▶ Collected data:
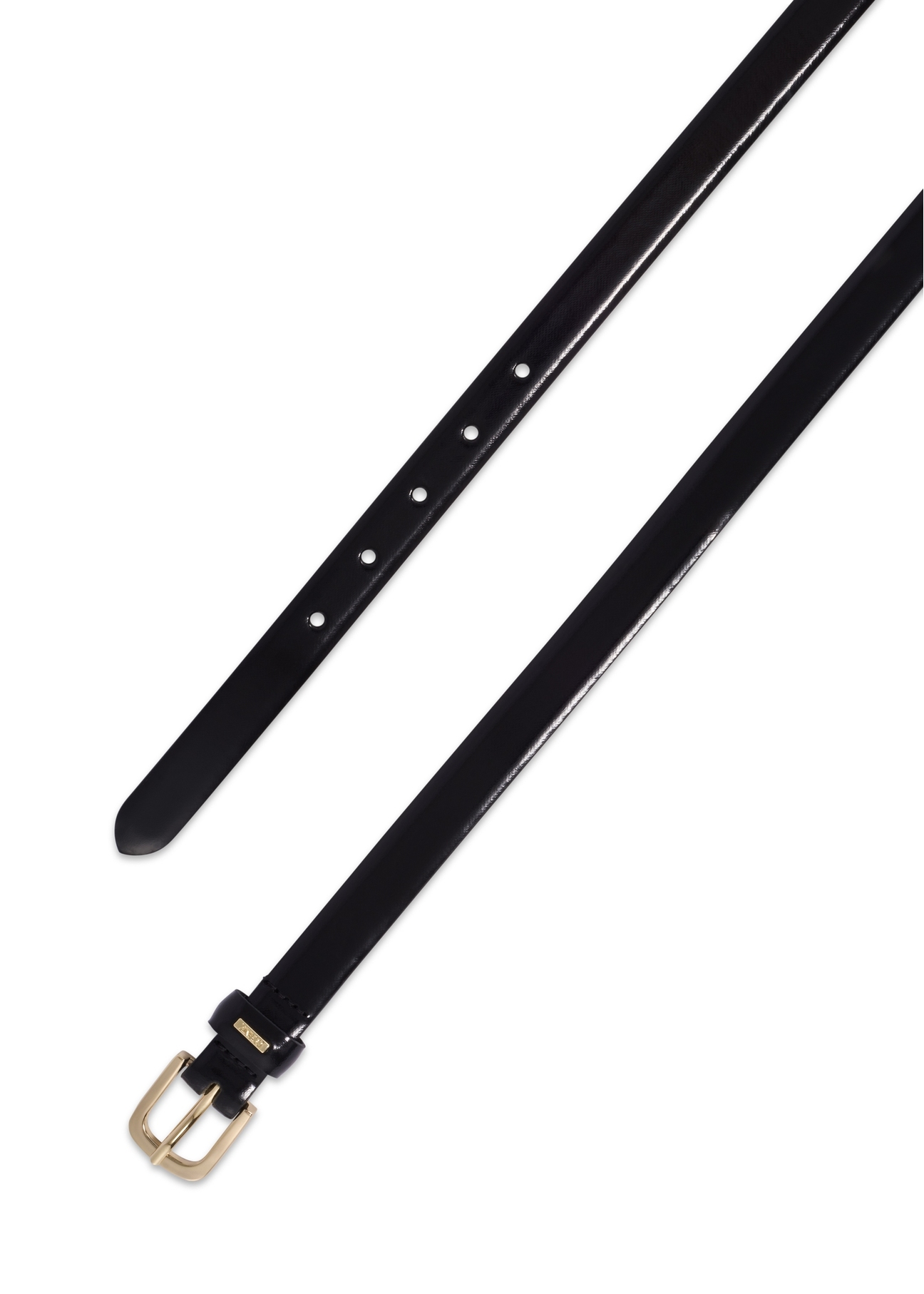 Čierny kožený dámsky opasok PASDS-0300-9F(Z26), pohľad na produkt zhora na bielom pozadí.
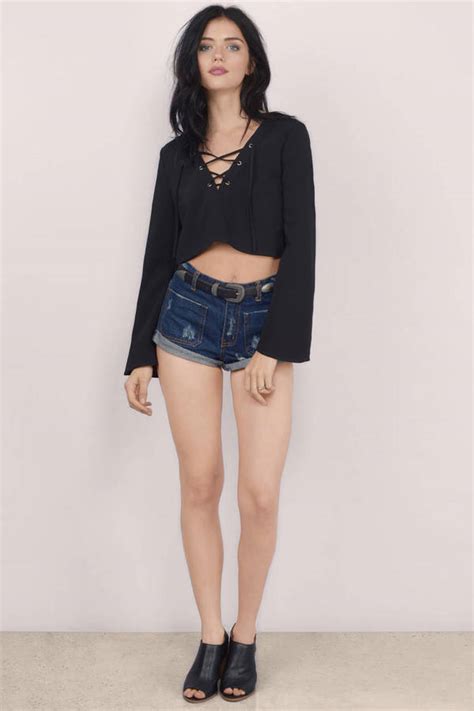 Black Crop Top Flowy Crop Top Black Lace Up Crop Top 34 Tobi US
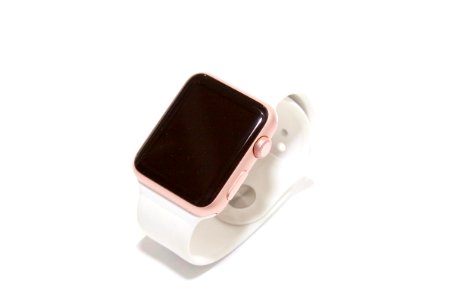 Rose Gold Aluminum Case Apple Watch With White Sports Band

▶ Exercise objective:
Print the lines from the line with "Black Crop Top" to the end of the data above. Include both ends, exclude the pictures, and add nothing else.

▶ Response:
 Black Crop Top Flowy Crop Top Black Lace Up Crop Top 34 Tobi US
 Rose Gold Aluminum Case Apple Watch With White Sports Band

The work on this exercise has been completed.